◆ WHAT TO DO:
Exactly as written and without the pictures, output the entries below.

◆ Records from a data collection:

○ ○ ○ ○

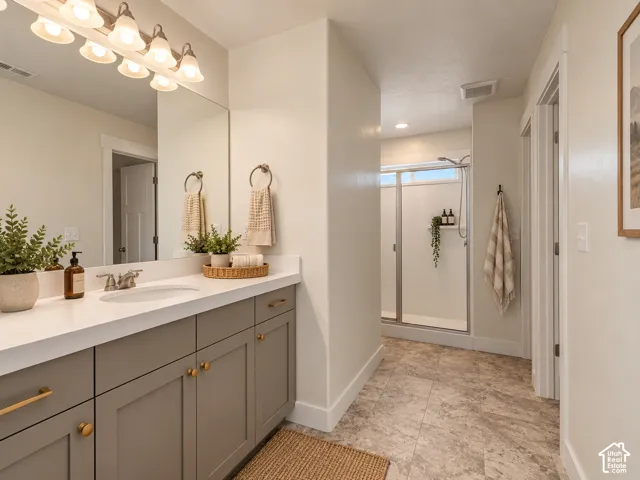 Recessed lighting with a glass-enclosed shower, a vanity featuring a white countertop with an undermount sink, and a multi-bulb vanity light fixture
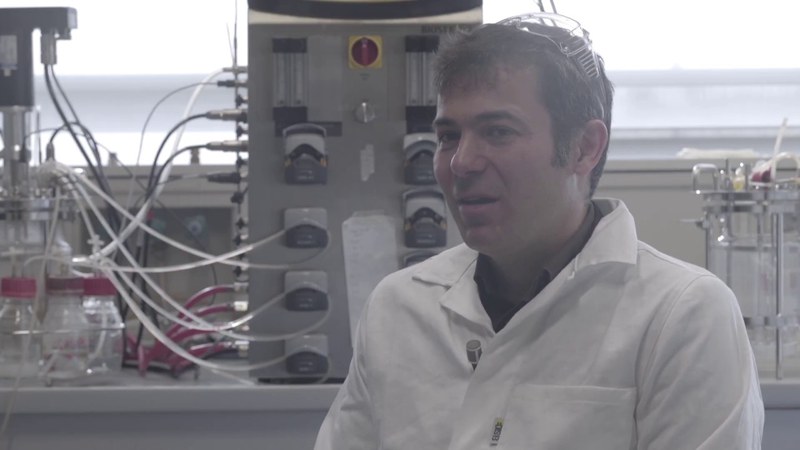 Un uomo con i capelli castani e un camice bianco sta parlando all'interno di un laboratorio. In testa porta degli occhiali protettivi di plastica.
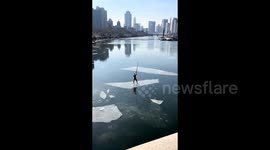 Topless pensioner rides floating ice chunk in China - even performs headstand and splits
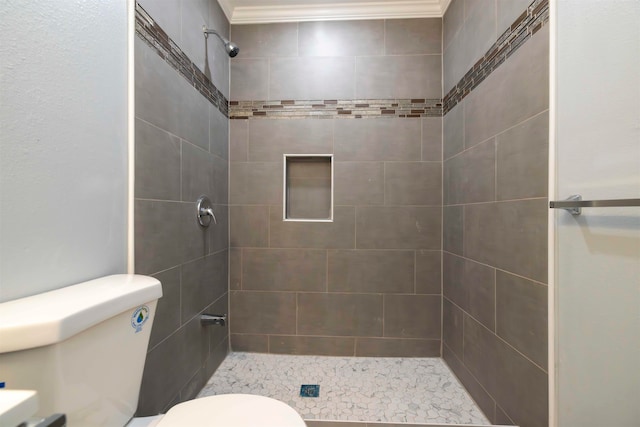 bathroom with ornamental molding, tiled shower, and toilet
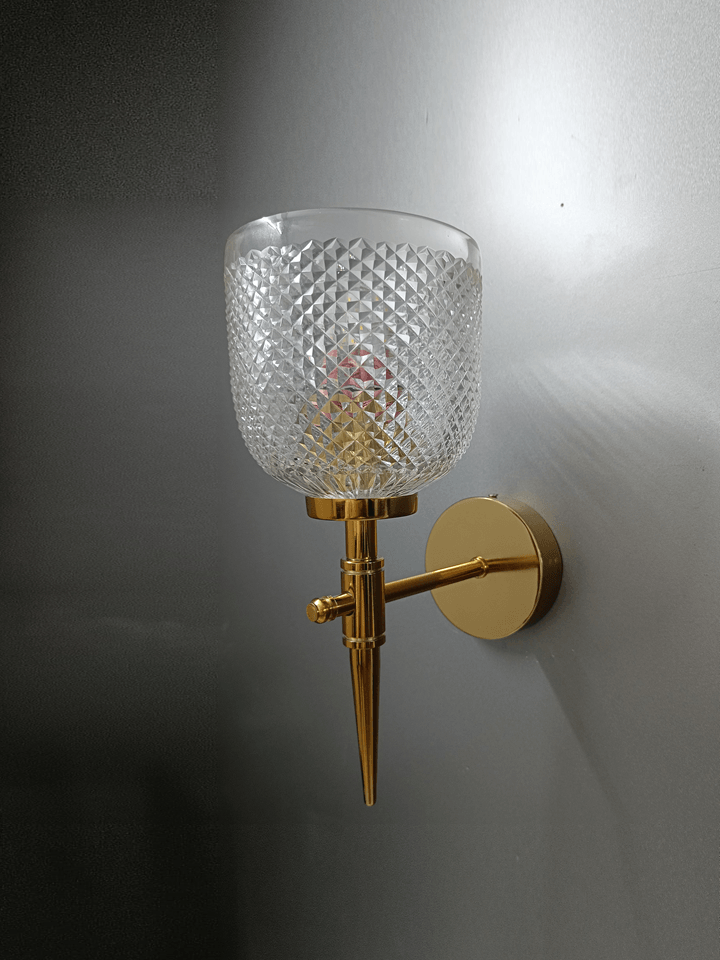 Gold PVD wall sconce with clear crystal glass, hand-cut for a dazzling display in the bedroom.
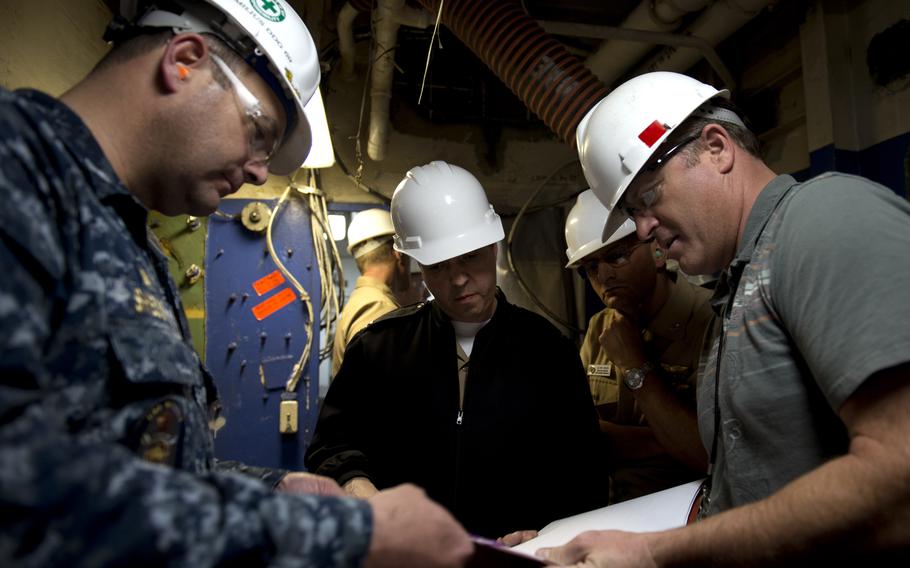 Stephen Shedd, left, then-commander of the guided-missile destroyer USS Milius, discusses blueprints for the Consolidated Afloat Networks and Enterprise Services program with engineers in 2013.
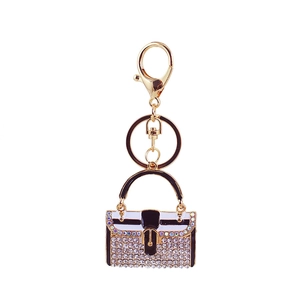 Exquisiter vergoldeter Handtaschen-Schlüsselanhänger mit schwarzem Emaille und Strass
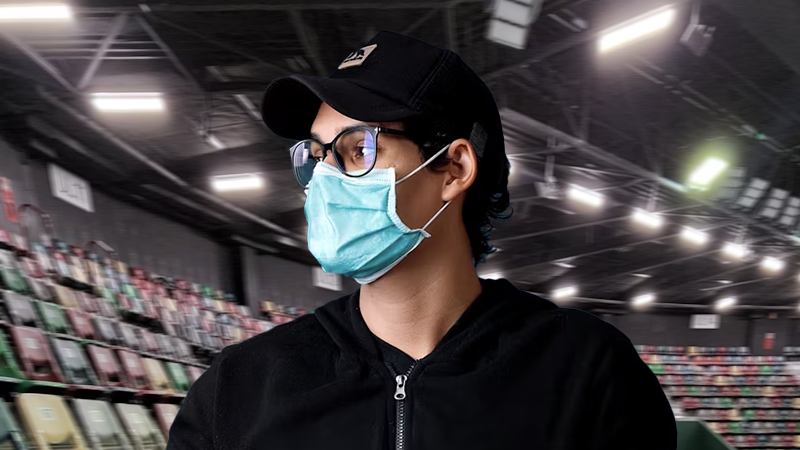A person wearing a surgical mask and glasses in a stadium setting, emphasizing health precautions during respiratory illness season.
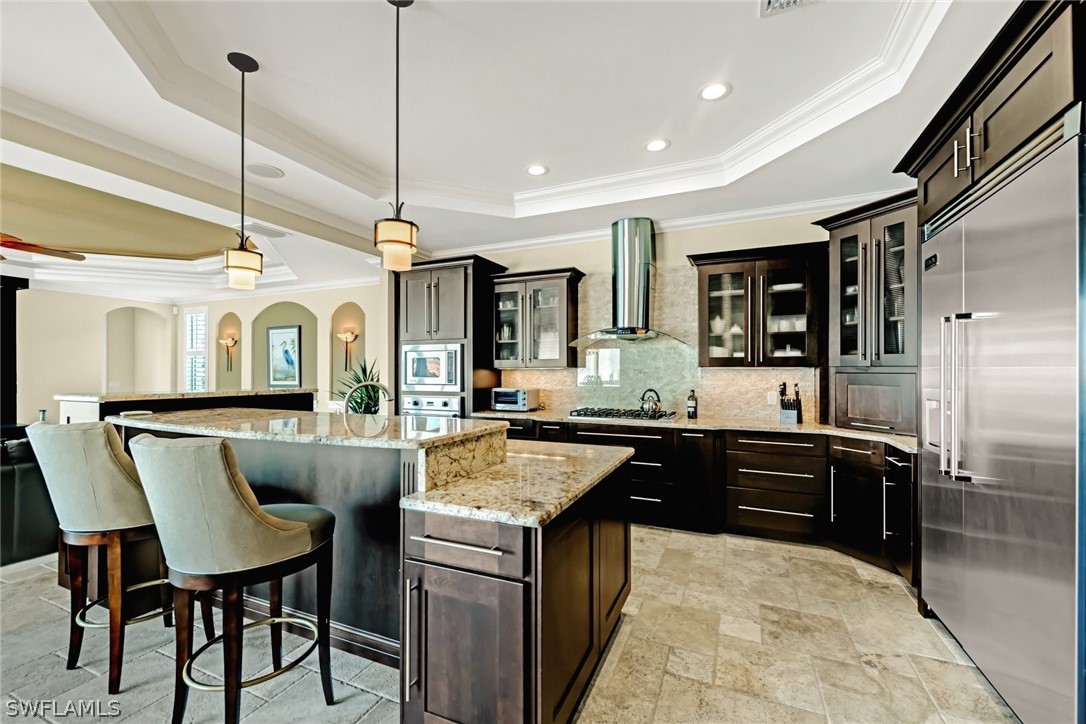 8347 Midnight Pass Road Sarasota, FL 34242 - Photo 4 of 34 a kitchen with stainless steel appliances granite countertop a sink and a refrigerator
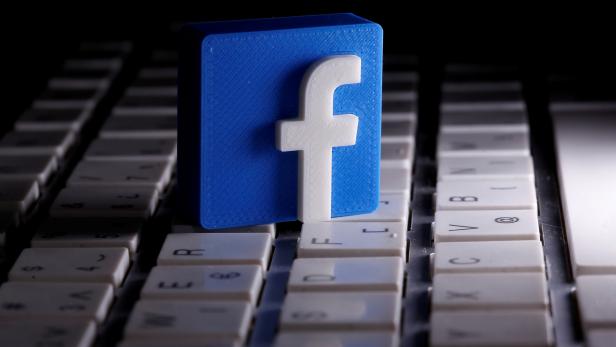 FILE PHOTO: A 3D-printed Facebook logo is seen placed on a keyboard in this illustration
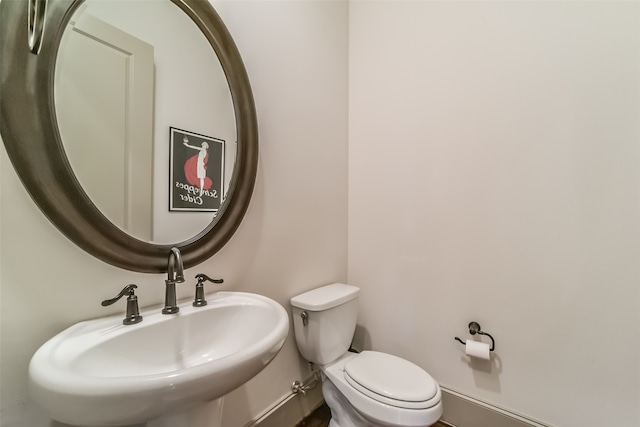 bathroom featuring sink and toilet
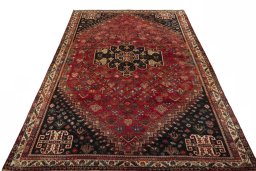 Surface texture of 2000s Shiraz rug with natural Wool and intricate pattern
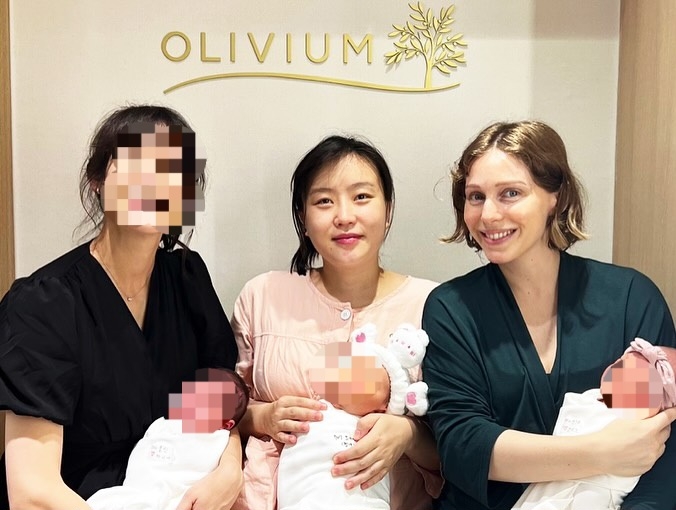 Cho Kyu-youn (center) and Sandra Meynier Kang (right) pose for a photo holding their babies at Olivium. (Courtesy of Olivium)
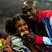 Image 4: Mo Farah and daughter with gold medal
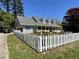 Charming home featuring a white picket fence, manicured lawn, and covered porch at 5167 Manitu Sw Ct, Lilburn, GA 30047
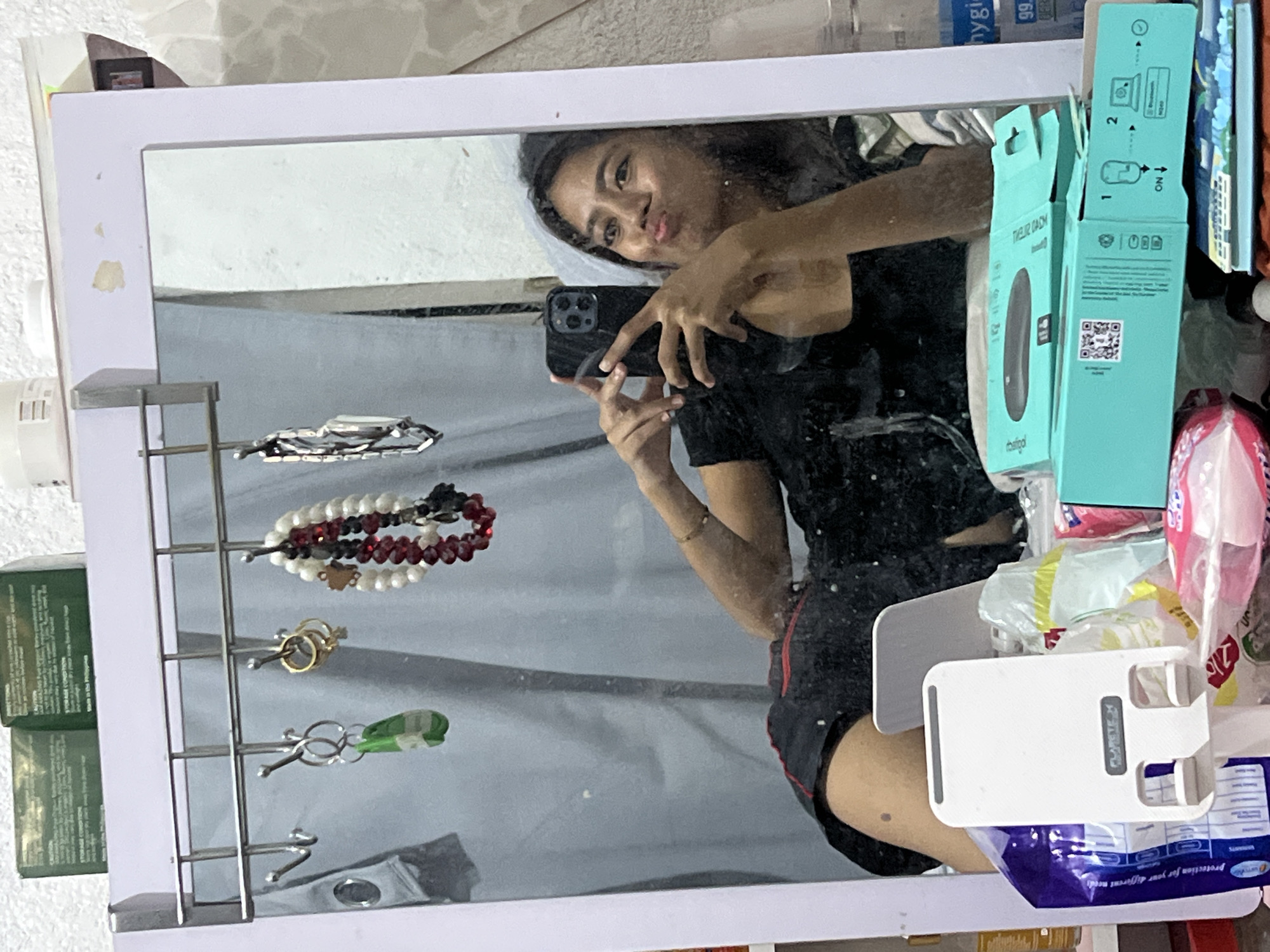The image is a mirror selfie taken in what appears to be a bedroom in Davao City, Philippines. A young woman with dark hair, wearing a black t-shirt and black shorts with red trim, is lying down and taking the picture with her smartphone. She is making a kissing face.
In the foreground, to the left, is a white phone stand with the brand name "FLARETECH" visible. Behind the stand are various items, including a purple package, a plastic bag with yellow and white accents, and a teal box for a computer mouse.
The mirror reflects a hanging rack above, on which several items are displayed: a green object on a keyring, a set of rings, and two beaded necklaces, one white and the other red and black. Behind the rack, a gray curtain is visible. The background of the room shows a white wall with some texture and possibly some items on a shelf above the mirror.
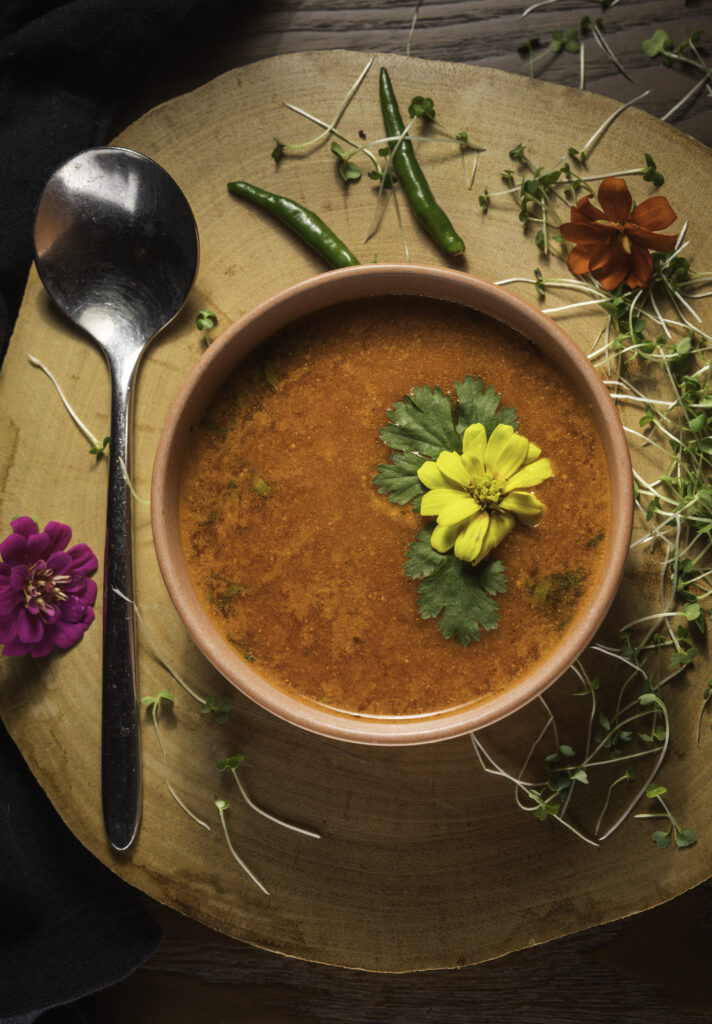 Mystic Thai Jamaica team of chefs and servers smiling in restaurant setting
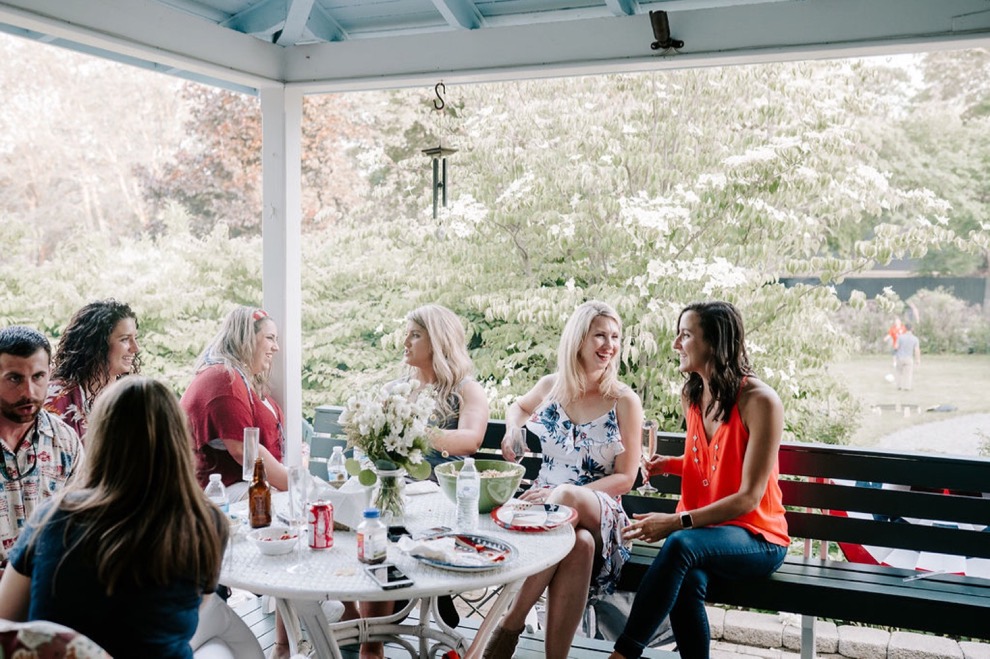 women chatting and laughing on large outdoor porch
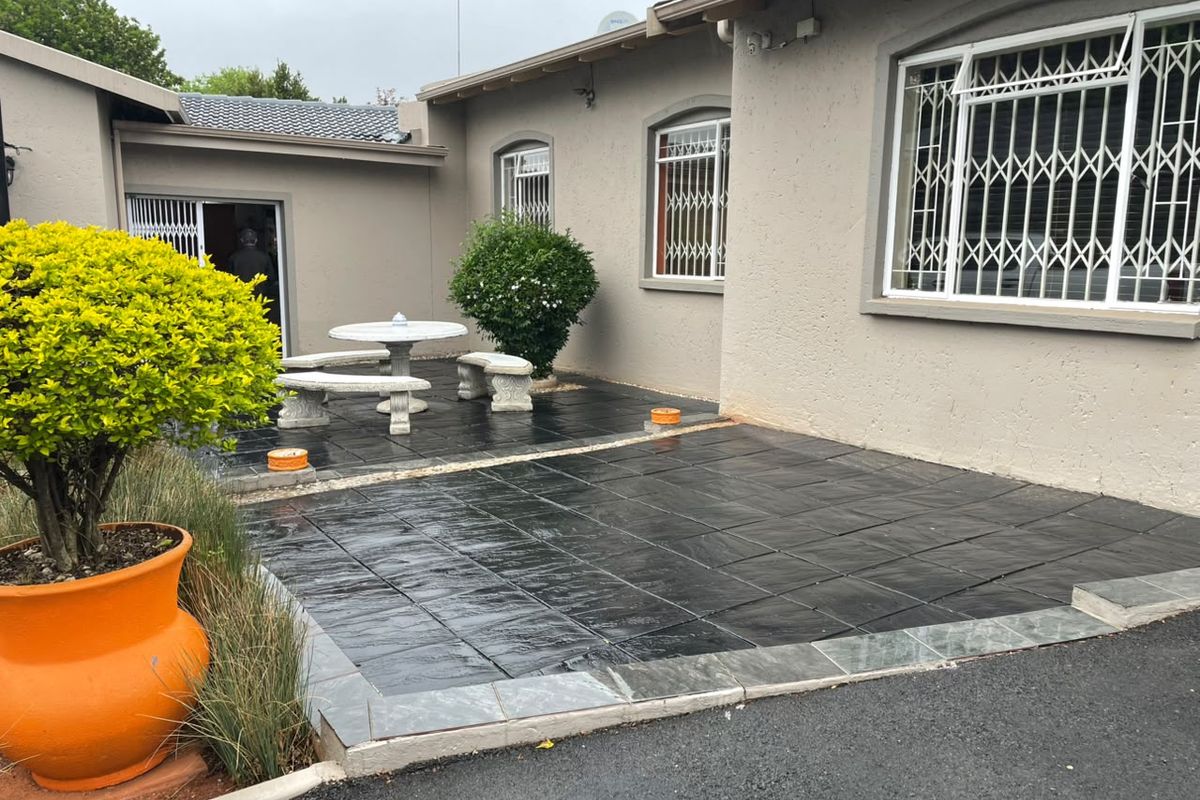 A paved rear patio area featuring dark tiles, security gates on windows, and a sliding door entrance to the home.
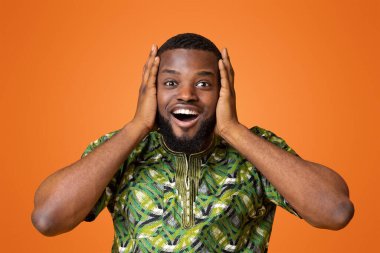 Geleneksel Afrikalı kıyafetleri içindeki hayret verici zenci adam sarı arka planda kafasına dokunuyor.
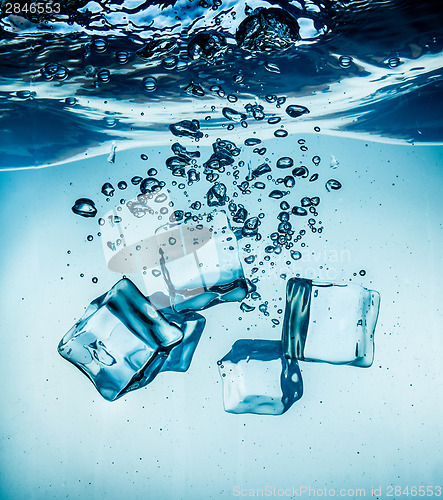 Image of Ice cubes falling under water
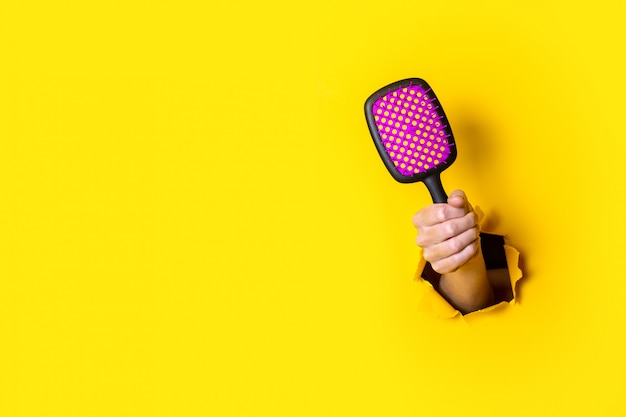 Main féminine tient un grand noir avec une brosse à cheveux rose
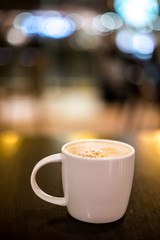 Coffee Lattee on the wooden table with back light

○ ○ ○ ○

◆ WRITTEN ANSWER:
 Recessed lighting with a glass-enclosed shower, a vanity featuring a white countertop with an undermount sink, and a multi-bulb vanity light fixture
 Un uomo con i capelli castani e un camice bianco sta parlando all'interno di un laboratorio. In testa porta degli occhiali protettivi di plastica.
 Topless pensioner rides floating ice chunk in China - even performs headstand and splits
 bathroom with ornamental molding, tiled shower, and toilet
 Gold PVD wall sconce with clear crystal glass, hand-cut for a dazzling display in the bedroom.
 Stephen Shedd, left, then-commander of the guided-missile destroyer USS Milius, discusses blueprints for the Consolidated Afloat Networks and Enterprise Services program with engineers in 2013.
 Exquisiter vergoldeter Handtaschen-Schlüsselanhänger mit schwarzem Emaille und Strass
A person wearing a surgical mask and glasses in a stadium setting, emphasizing health precautions during respiratory illness season.
 8347 Midnight Pass Road Sarasota, FL 34242 - Photo 4 of 34 a kitchen with stainless steel appliances granite countertop a sink and a refrigerator
 FILE PHOTO: A 3D-printed Facebook logo is seen placed on a keyboard in this illustration
 bathroom featuring sink and toilet
 Surface texture of 2000s Shiraz rug with natural Wool and intricate pattern
 Cho Kyu-youn (center) and Sandra Meynier Kang (right) pose for a photo holding their babies at Olivium. (Courtesy of Olivium)
 Image 4: Mo Farah and daughter with gold medal
 Charming home featuring a white picket fence, manicured lawn, and covered porch at 5167 Manitu Sw Ct, Lilburn, GA 30047
The image is a mirror selfie taken in what appears to be a bedroom in Davao City, Philippines. A young woman with dark hair, wearing a black t-shirt and black shorts with red trim, is lying down and taking the picture with her smartphone. She is making a kissing face.
In the foreground, to the left, is a white phone stand with the brand name "FLARETECH" visible. Behind the stand are various items, including a purple package, a plastic bag with yellow and white accents, and a teal box for a computer mouse.
The mirror reflects a hanging rack above, on which several items are displayed: a green object on a keyring, a set of rings, and two beaded necklaces, one white and the other red and black. Behind the rack, a gray curtain is visible. The background of the room shows a white wall with some texture and possibly some items on a shelf above the mirror.
 Mystic Thai Jamaica team of chefs and servers smiling in restaurant setting
 women chatting and laughing on large outdoor porch
 A paved rear patio area featuring dark tiles, security gates on windows, and a sliding door entrance to the home.
 Geleneksel Afrikalı kıyafetleri içindeki hayret verici zenci adam sarı arka planda kafasına dokunuyor.
 Image of Ice cubes falling under water
 Main féminine tient un grand noir avec une brosse à cheveux rose
 Coffee Lattee on the wooden table with back light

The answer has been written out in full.